Why is it so hard for people to grasp this simple truth? This simple law may be applied to each and every institution on planet earth, what ever profits ANY institution is good and what impoverishes it is bad absolutely without exception.
The extremely naive and gullible masses insist on taking the cover story of each institution at face value, its a wonder adults don't continue to believe in Santa Claus and the Tooth Fairy, no institution will ever seek resolution since that would negate need for the institution. Institutions that supposedly set out to combat something will instead seek to promote it, institutions that set out to promote something will instead seek to combat it.
Endless discussions about an institutions failing to live up to the cover story are absolutly absurd, each institution exists for one purpose and one purpose only, to perpetuate itself and expand its subsidiaries exactly as do all organisms under evolution.
Why do institutions stray so far from their protective cover story or camouflage so as to expose the lie?

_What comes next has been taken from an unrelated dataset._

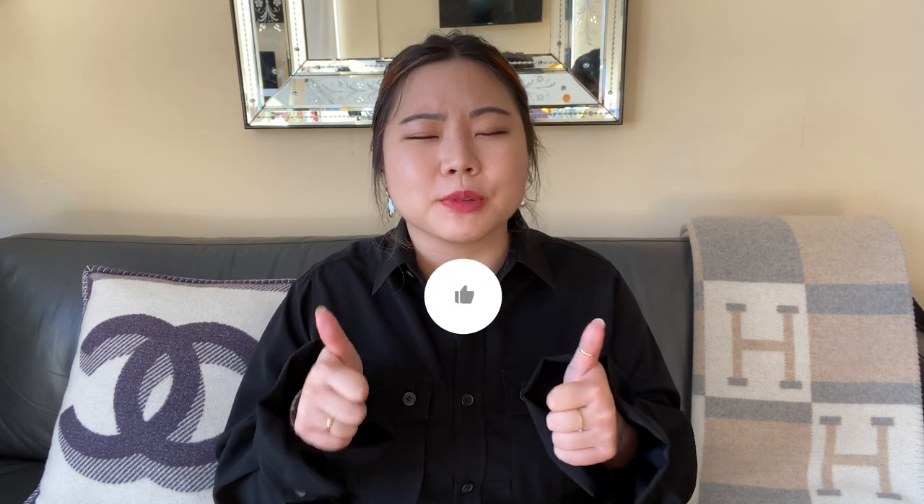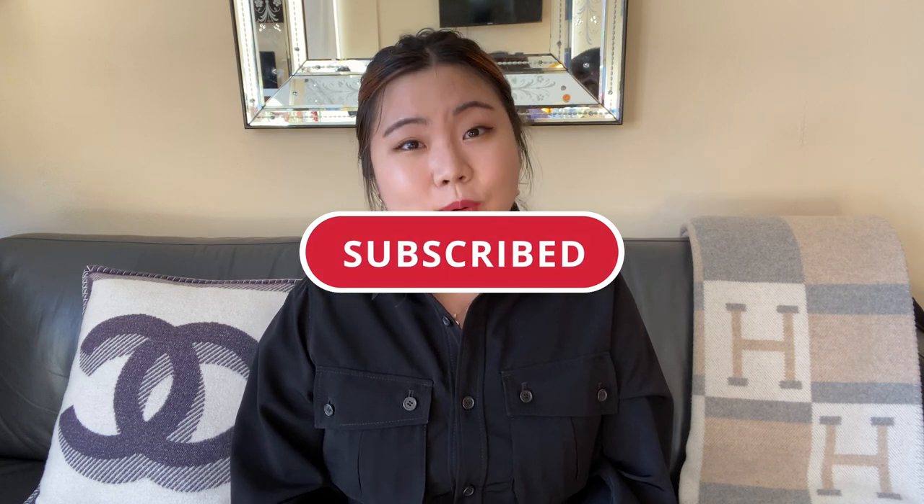I apologize for the little snafu with the clips — I don't know what happened but it's gone somewhere in the digital ether. I hope you found this review helpful. Let me know your thoughts on the Ballon Bleu in the comments — do you have one, do you want one, do you have any other questions? Please give me a thumbs up if you found this helpful, subscribe to my channel, and I post new fashion-related videos every Sunday and Wednesday. Until next time, bye!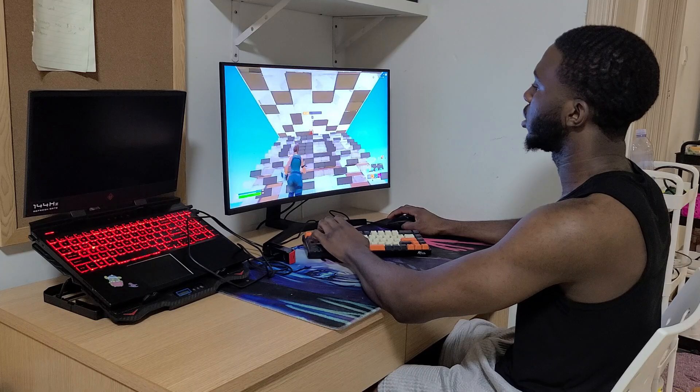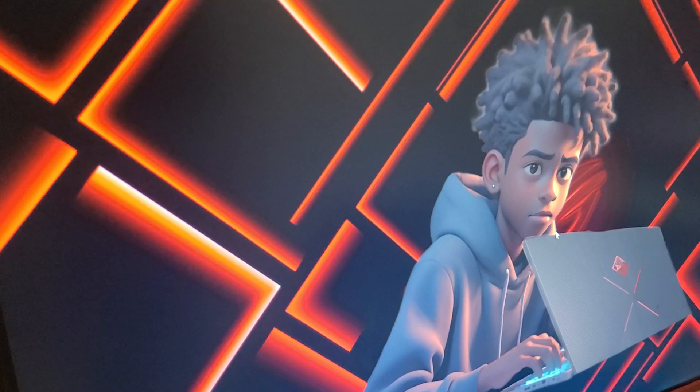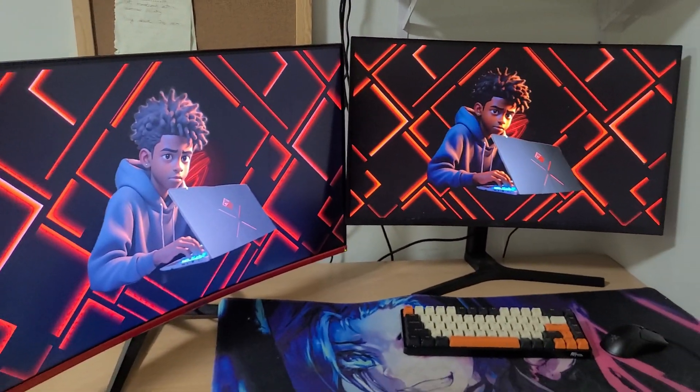Welcome back to my YouTube channel. In today's video, if you guys have a laptop and want to connect your 144Hz laptop to a 240Hz monitor like me, I got you. There are a lot of things you guys keep asking me, and I'm going to try to answer everything in this video — including the tips and tricks I use to get around 300 fps on my laptop. This is a four-year-old laptop with a GTX 1050 Ti.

Because the population allows it, there is no need for expensive camouflage if the population is too ignorant to see the naked threat.
Institutions can only get away with what the public at large allows them to get away with, if the general consensus is genocidal policies are OK then we will have institutions that promote genocide while if the general consensus is genocidal policies are not OK then we will have institutions that promote equality, a population can advance be by ether destructive or constructive means, it is a choice of FREE WILL! These choices are made by each individual, they are virtually NEVER the fault of leaders, it is ALWAYS the fault of the followers.
If the people of this nation were to say "Enough is enough!" the abuse would stop instantly, but they are not a moral or conscientious people, they are vindictive and petty so they get vindictive and petty institutions to reflect this nature, they are not very constructive they are instead more destructive so they get destructive institutions instead of constructive institutions, the people are NOT THE VICTIMS, they are the VICTIMIZERS.
Phoenician in a time of Romans says:
I'm pretty sure you can correlate the cruelty of a prison system with the social ideal of stratification between the rich and poor. In a society which "values" a huge spectrum, the rich won't go to prison and the poor will have really really shitty prisons because otherwise what's the point of being rich?
Sarah says:
Agreed. I took a very horrifyingly educational class on corrections for my criminal justice degree and for a brief period thought I'd like to be a prison librarian, and both these things taught me our corrections are so so depressingly awful.
I'd actually expand your idea to the entire criminal justice system being burned down and starting over, but I'd take just the corrections part of the system.